> WHAT YOU HAVE TO DO
From the line that contains "Departamento en venta de 3 dorm. en Vitacura" to the final line of the records below, print each line exactly and leave every picture out.

###

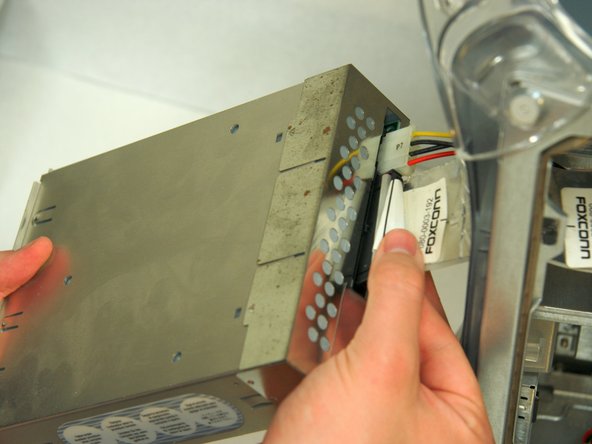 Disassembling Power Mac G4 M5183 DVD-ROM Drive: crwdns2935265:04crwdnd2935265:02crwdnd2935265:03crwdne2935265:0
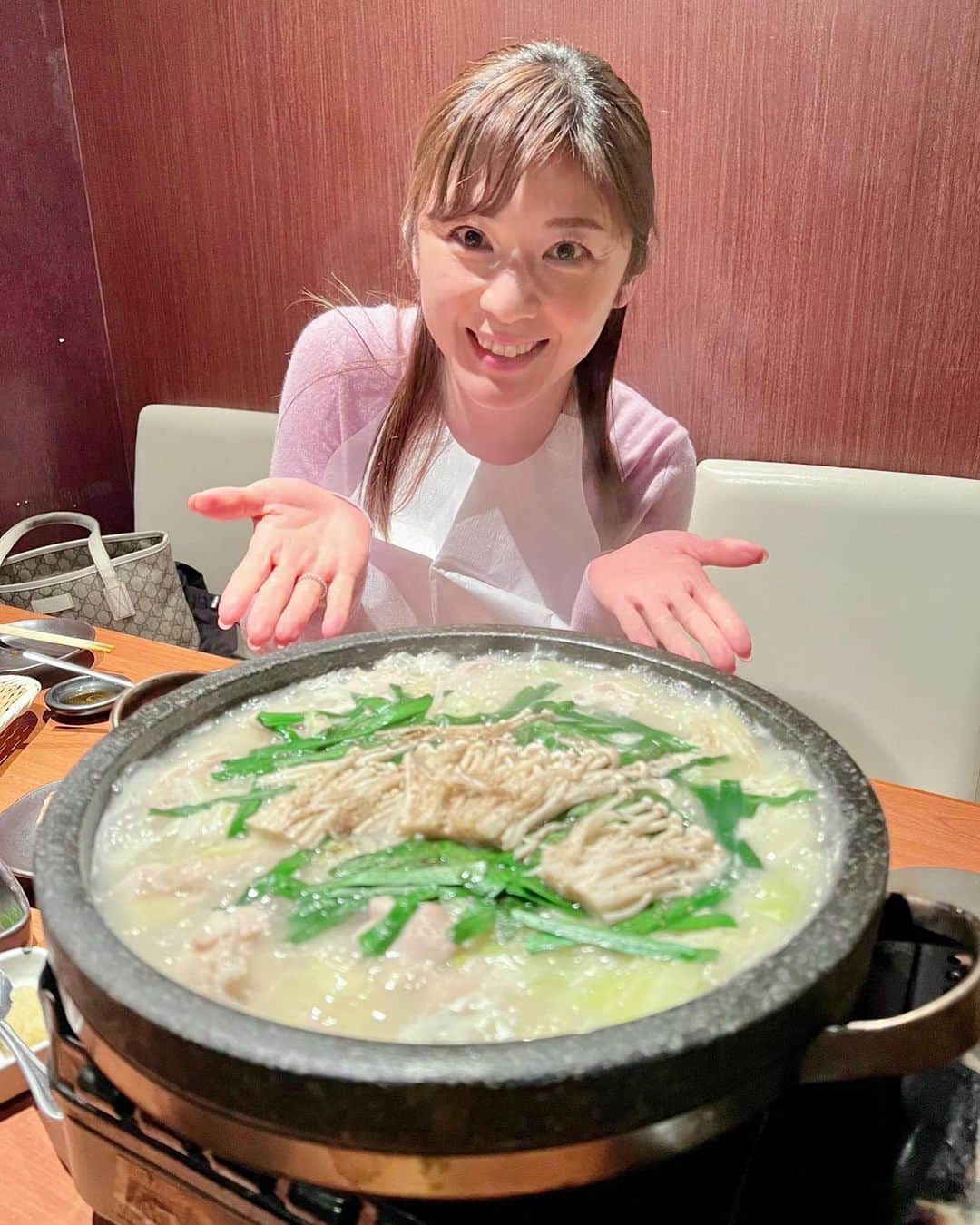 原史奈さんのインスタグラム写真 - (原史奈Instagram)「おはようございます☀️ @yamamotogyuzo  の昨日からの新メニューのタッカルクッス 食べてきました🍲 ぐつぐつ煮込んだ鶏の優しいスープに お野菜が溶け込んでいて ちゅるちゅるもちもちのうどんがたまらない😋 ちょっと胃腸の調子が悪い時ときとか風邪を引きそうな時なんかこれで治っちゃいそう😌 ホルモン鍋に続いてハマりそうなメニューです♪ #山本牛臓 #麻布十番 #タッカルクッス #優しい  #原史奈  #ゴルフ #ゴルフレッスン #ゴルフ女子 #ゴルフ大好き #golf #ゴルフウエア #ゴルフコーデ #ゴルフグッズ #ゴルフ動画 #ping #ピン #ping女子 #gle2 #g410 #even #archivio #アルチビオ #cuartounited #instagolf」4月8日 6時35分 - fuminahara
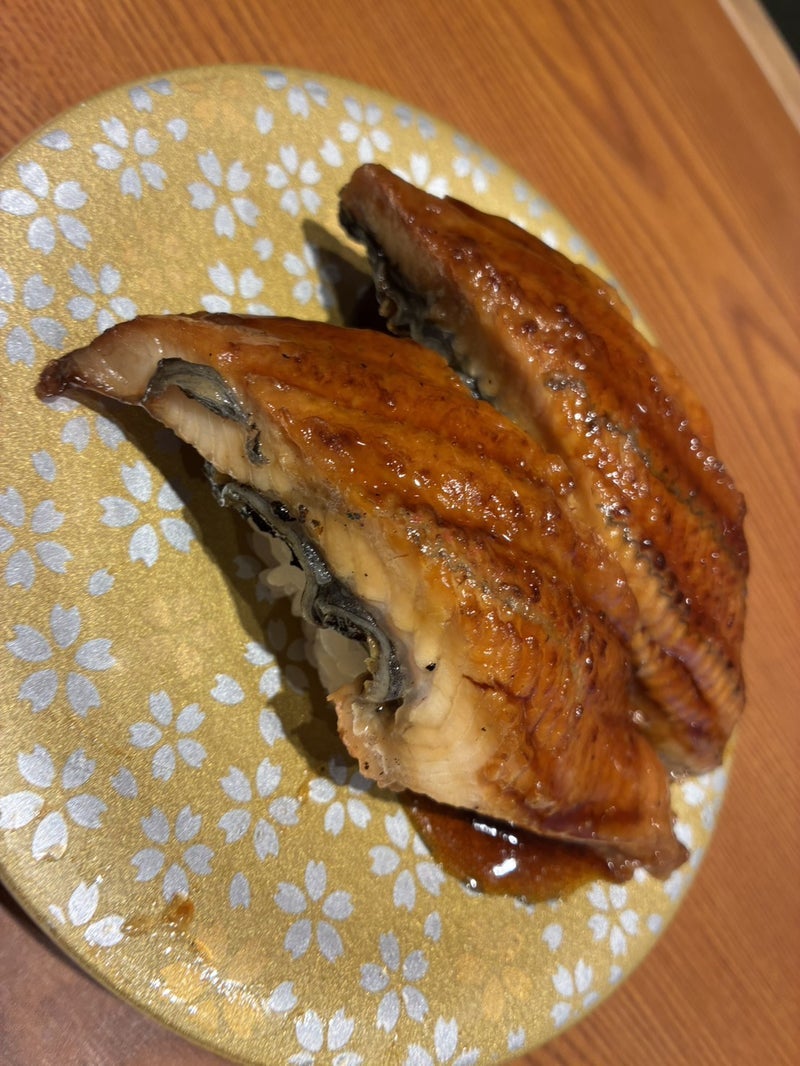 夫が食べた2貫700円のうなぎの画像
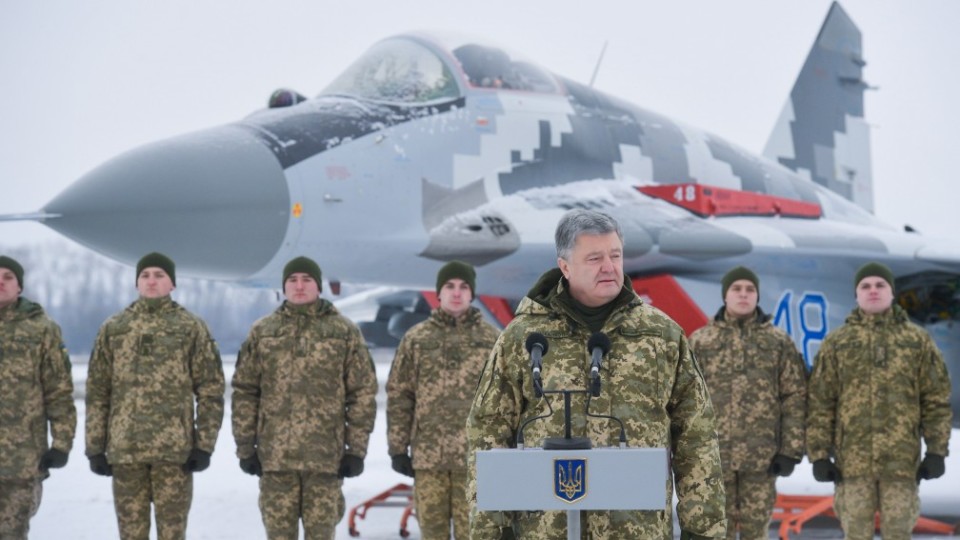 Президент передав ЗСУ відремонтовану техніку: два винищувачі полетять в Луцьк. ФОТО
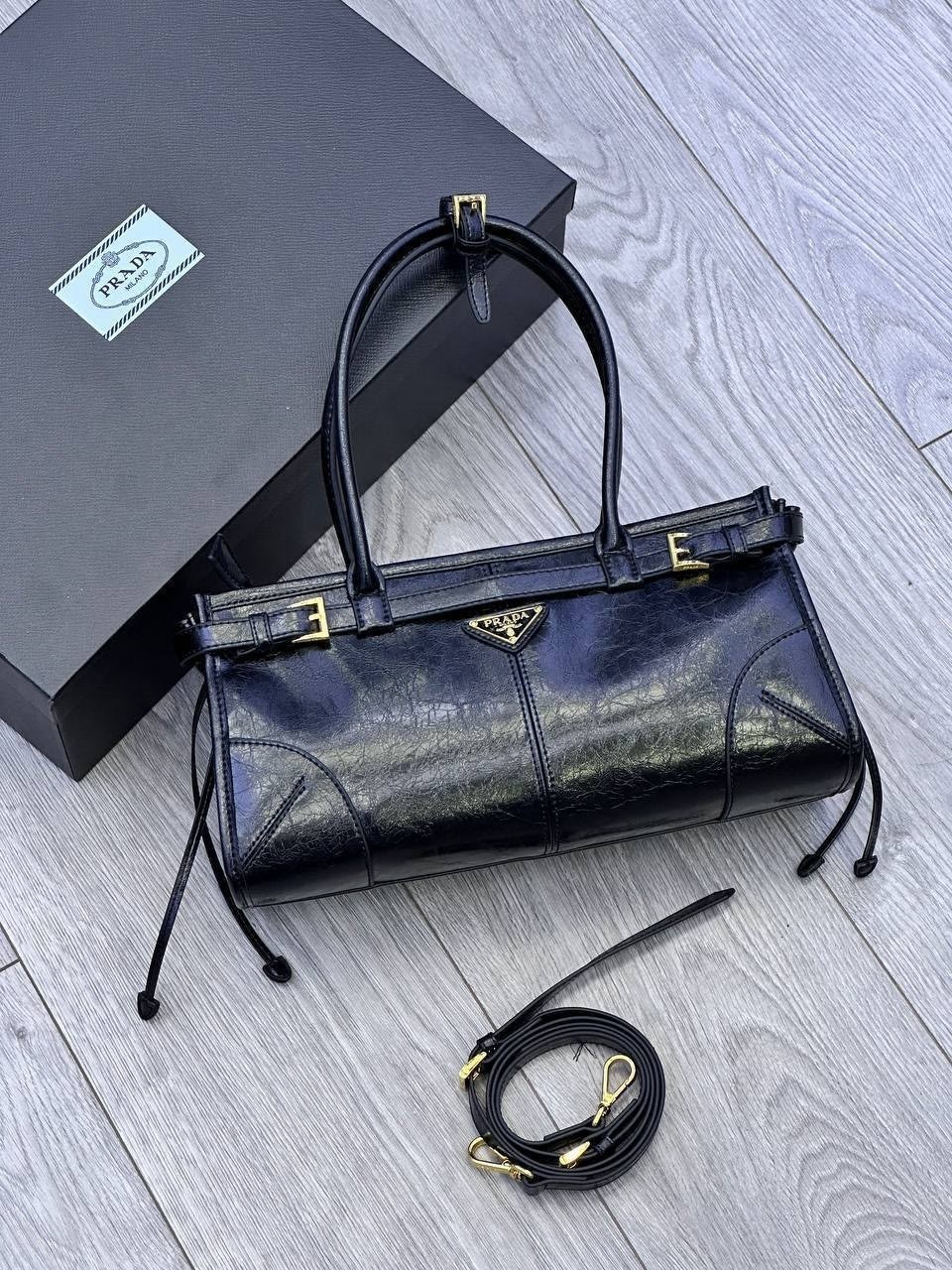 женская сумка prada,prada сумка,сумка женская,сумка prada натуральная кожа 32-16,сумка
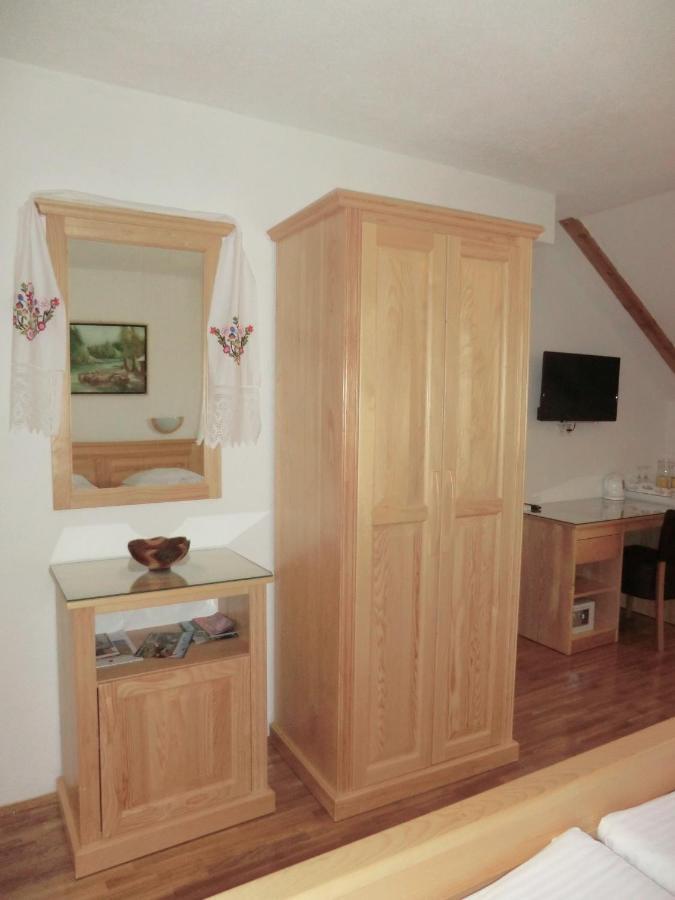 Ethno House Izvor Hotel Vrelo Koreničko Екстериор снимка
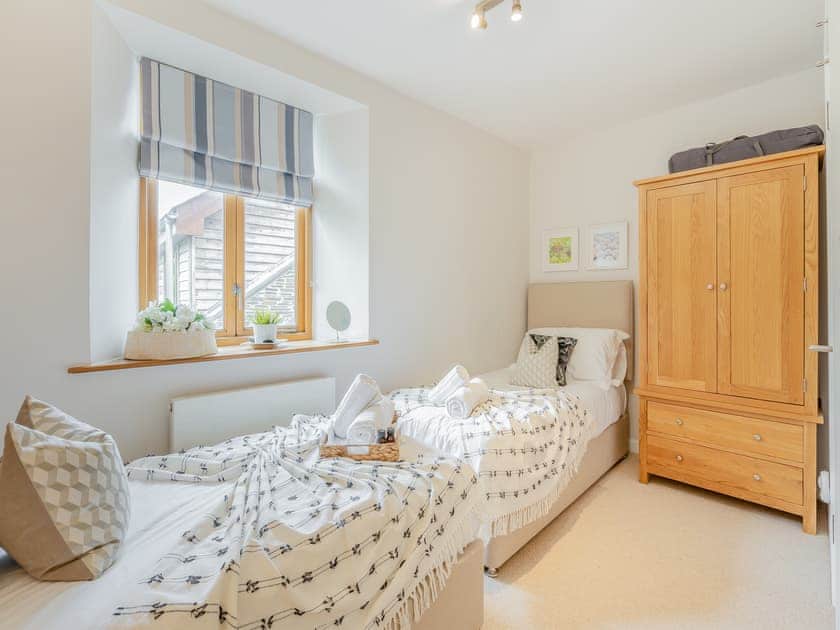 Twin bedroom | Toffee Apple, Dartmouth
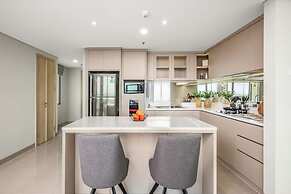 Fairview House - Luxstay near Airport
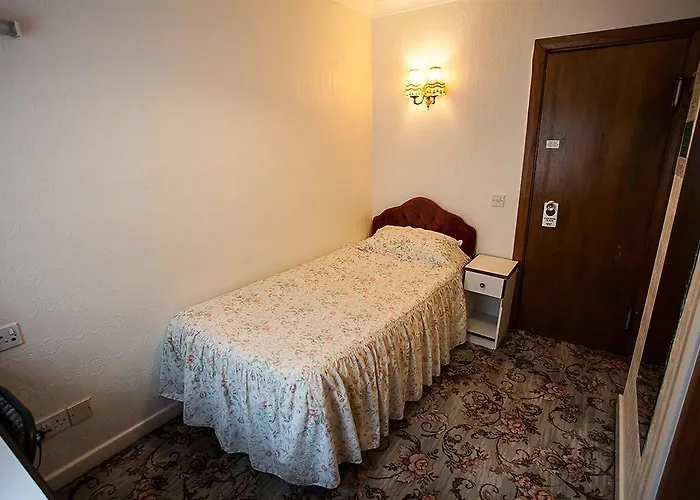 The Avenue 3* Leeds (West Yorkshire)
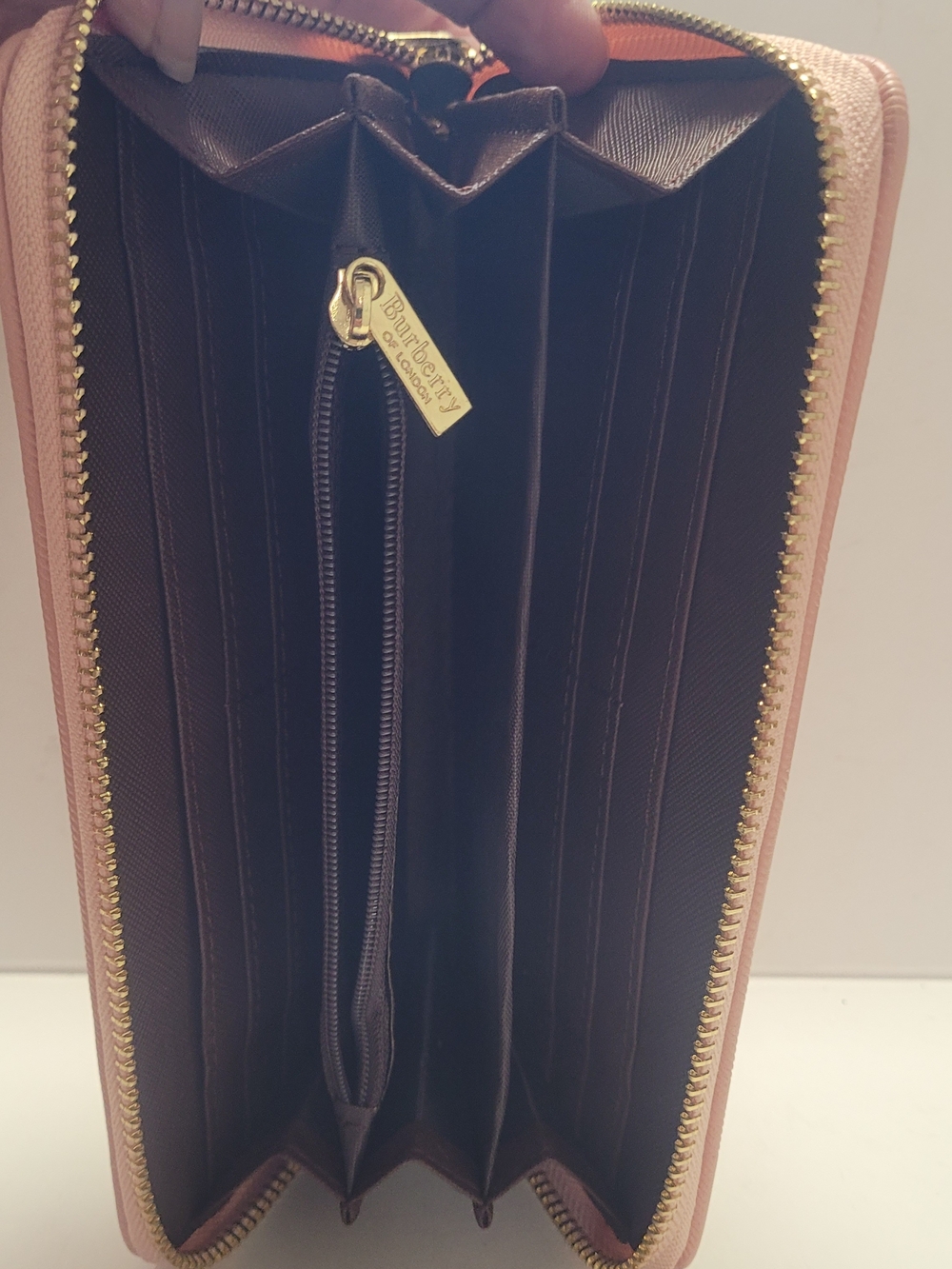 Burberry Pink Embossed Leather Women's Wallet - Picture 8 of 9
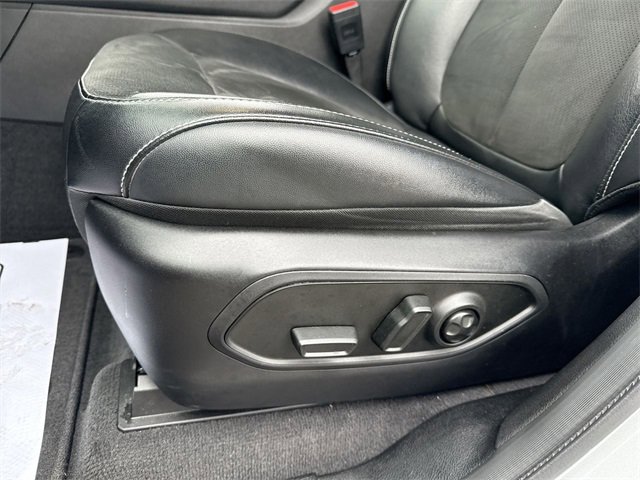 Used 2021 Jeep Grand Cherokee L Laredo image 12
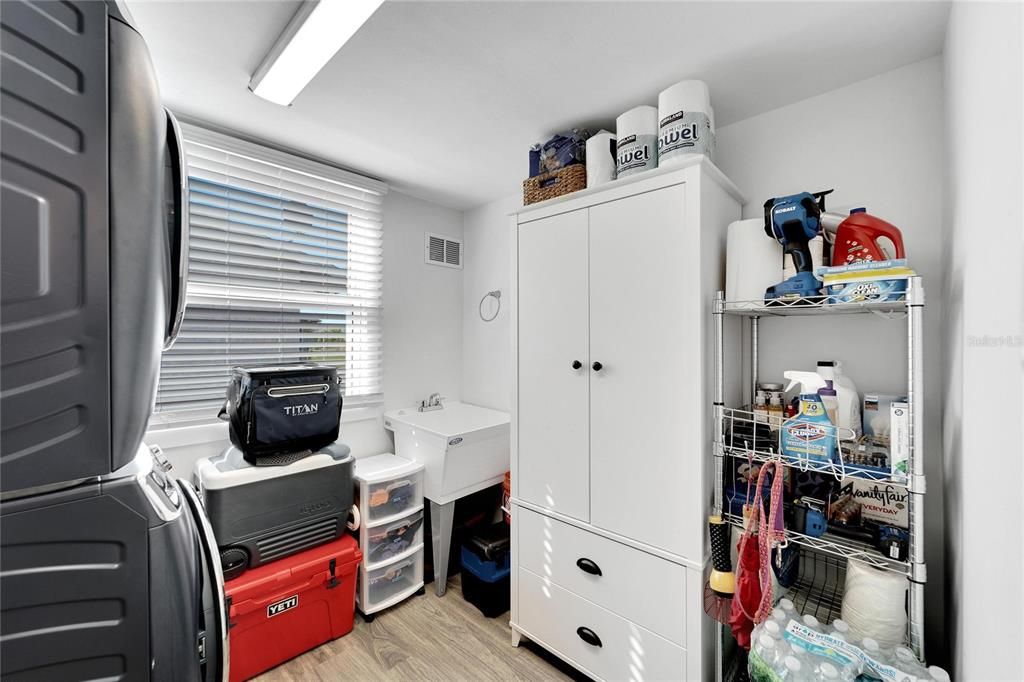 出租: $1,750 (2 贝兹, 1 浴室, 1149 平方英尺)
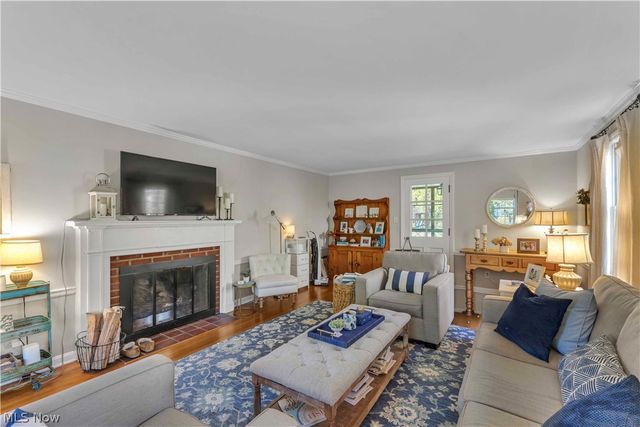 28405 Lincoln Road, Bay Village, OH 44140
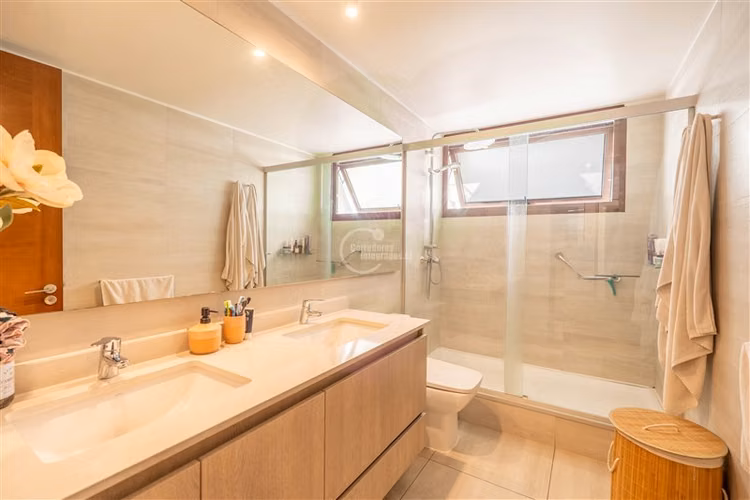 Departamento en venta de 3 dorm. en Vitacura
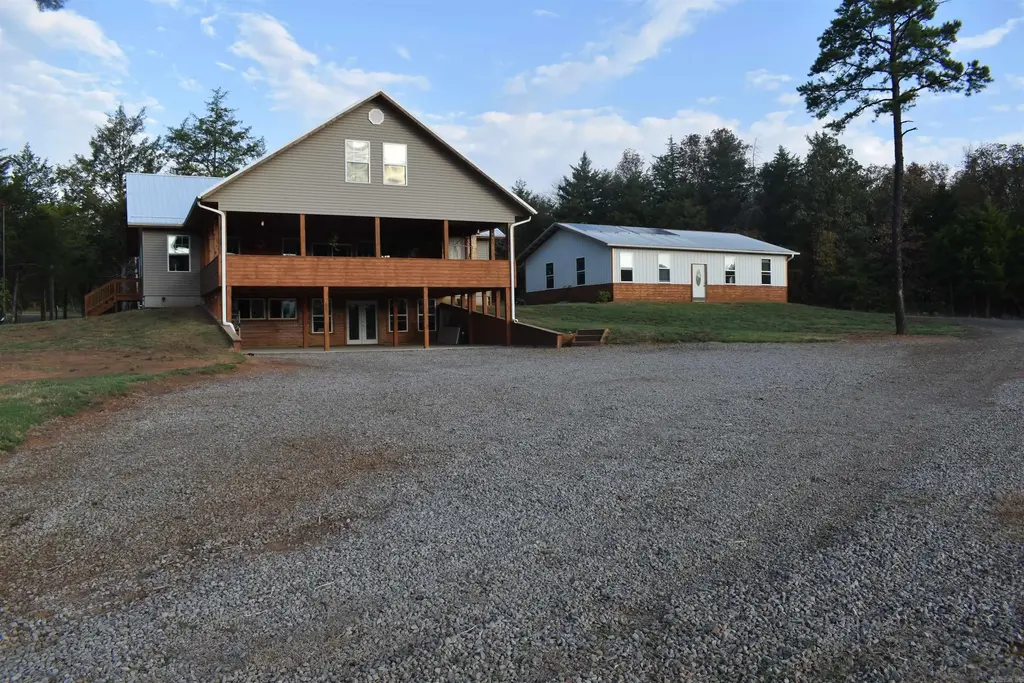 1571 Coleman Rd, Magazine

###

> TASK RESPONSE
 Departamento en venta de 3 dorm. en Vitacura
 1571 Coleman Rd, Magazine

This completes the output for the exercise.